PROBLEM DESCRIPTION. Could you filter the data below down to the lines that hold the word "Light"?

Brief descriptive captions.
----

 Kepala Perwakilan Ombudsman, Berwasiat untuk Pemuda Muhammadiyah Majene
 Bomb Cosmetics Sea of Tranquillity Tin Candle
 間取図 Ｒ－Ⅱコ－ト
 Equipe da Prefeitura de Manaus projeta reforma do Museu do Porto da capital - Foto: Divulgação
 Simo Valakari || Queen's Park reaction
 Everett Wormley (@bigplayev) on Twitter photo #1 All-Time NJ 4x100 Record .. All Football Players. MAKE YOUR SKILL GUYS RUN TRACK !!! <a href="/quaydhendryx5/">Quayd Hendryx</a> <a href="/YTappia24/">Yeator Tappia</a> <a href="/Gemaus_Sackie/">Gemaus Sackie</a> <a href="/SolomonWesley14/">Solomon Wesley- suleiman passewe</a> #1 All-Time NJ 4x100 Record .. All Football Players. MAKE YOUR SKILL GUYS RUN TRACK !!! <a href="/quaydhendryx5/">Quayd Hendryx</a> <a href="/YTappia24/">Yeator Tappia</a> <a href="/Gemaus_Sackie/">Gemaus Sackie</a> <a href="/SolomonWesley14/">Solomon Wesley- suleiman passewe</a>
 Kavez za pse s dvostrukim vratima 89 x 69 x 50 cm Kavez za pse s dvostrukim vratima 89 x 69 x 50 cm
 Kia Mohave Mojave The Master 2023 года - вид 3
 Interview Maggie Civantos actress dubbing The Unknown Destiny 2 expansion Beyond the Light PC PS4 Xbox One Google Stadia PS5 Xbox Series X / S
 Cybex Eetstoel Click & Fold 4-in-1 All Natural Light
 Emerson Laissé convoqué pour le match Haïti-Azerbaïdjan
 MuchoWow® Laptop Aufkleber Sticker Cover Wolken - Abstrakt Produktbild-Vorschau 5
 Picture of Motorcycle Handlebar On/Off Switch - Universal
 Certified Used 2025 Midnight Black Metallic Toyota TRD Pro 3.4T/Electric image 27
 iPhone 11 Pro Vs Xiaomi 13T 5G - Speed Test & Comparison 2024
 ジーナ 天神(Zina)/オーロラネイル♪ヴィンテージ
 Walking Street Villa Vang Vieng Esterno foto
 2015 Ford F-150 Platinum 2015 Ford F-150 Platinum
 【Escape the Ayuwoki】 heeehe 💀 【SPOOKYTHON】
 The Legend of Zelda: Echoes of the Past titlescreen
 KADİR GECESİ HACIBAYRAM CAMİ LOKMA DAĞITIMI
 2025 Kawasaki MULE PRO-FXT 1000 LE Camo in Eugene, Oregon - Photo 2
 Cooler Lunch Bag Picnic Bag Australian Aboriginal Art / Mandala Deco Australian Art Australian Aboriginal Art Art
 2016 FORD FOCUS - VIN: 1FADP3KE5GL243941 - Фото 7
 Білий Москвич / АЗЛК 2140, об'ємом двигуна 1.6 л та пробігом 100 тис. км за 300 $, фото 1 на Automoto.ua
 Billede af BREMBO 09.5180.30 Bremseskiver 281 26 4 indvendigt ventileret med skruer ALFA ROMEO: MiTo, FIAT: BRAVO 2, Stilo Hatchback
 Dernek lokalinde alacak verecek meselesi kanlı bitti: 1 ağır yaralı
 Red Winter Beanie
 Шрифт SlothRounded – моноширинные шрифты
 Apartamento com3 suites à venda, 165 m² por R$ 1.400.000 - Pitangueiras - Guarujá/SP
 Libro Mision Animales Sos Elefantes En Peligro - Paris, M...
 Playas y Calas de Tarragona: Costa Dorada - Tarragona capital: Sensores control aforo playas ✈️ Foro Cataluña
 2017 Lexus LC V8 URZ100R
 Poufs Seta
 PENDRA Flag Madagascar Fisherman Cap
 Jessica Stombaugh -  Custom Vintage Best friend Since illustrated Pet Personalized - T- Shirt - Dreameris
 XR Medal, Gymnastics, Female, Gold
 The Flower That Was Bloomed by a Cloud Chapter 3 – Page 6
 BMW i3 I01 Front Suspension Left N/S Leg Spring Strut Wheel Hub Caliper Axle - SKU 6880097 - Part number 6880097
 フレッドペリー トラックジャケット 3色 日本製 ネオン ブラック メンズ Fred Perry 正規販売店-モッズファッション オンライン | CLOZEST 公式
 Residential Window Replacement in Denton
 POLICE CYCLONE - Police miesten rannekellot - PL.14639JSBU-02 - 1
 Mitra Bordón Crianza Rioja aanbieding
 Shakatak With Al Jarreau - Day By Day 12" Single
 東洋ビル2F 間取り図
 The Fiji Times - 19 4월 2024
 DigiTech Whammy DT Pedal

----

ANSWER SECTION.
 Interview Maggie Civantos actress dubbing The Unknown Destiny 2 expansion Beyond the Light PC PS4 Xbox One Google Stadia PS5 Xbox Series X / S
 Cybex Eetstoel Click & Fold 4-in-1 All Natural Light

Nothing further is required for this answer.